Research Projects

In recent years, our work has focused on questions of law and political economy, crime and responsibility, national, transnational and international legal orders, and on different aspects of constitutionalism: constitutional theory; constituent power; conceptual issues around constitutionalism; the labour constitution and the constitution(s) of the EU. 

More details on our research projects are introduced below.
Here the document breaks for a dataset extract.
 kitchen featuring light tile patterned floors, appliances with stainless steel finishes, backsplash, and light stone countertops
  • Law and the Political Economy: We are a group of researchers studying law in the context of contemporary political economy.  Our work bridges different fields of economic regulation and governance - labour law and labour markets, corporate governance, financial law, central bank laws and monetary policy - and different methodological and theoretical approaches. What we share is a commitment to generating insight into the legal, social, and political nature of the question of how markets are constituted, and into how social institutions and modes of action and interaction might offer the important potential for the re-design, re-set, and reform of economic institutions.  We carry out this work against the backdrop of the current era of financial crisis and austerity, as well as the immunisation of neoclassical economics and legal methodologies and processes cast within their grain.
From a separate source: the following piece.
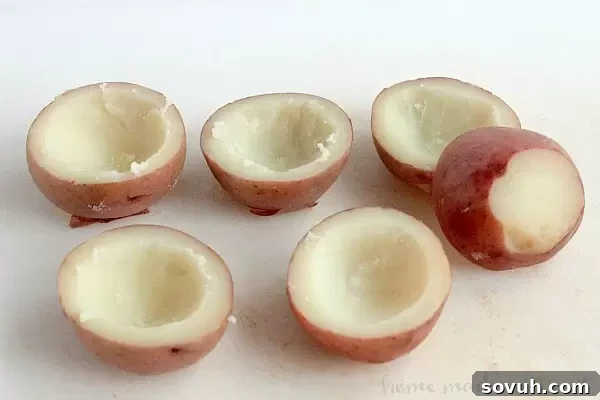 Close-up of three Irish Potato bites in different stages of preparation on a baking sheet, showing the scooped-out potato halves and the delicious filling.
  • Theorising the Constitution: Constitutional theory forms a key research area, and it is around the concept of the Constitution, its function, its relation to politics and the economy, that a number of projects and research interests intersect. Amongst them, the discussion of how the Constitution gives form to the relation between constituent and constituted power, and to the relation between the public (forum) and the private (market); as to whether the Constitution can be usefully conceptualised at supranational levels (European, ‘cosmopolitan’, global); as sectional (economic, political, social constitutions); as incremental and dynamic (‘constitutionalisation’) or as plural (‘constitutional pluralism’). 
  • Crime, Responsibility, and the Trial: This stream brings together theorising crime and criminalisation, the institution of the criminal trial, broader questions of responsibility, and the use of criminal law in transitional justice and reconciliation. We ask: how are theories of criminalization linked to modern understandings of the criminal law as a conceptually distinct body of rules, and how this, in turn, has been shaped by the changing functions of criminal law as an instrument of government in the modern state? How are such dilemmas played out in the trial, both in its core function, as well as when its reach is extended – or ‘politicised’ - to achieve a broader set of objectives?
  • Law & Metaphysics: ​Law & Metaphysics at GLT supports an interdisciplinary approach to metajurisprudential questions, drawing on members’ expertise in metaphysics, epistemology, philosophy of language, as well as legal, moral and political philosophy. Questions that currently attract the attention of metajurisprudential inquiry include the theorising of legal relations, law’s dependence on institutional and pre-institutional relations, the ways in which legal epistemology tracks its metaphysics and the place law occupies within the broader domain of normative reality.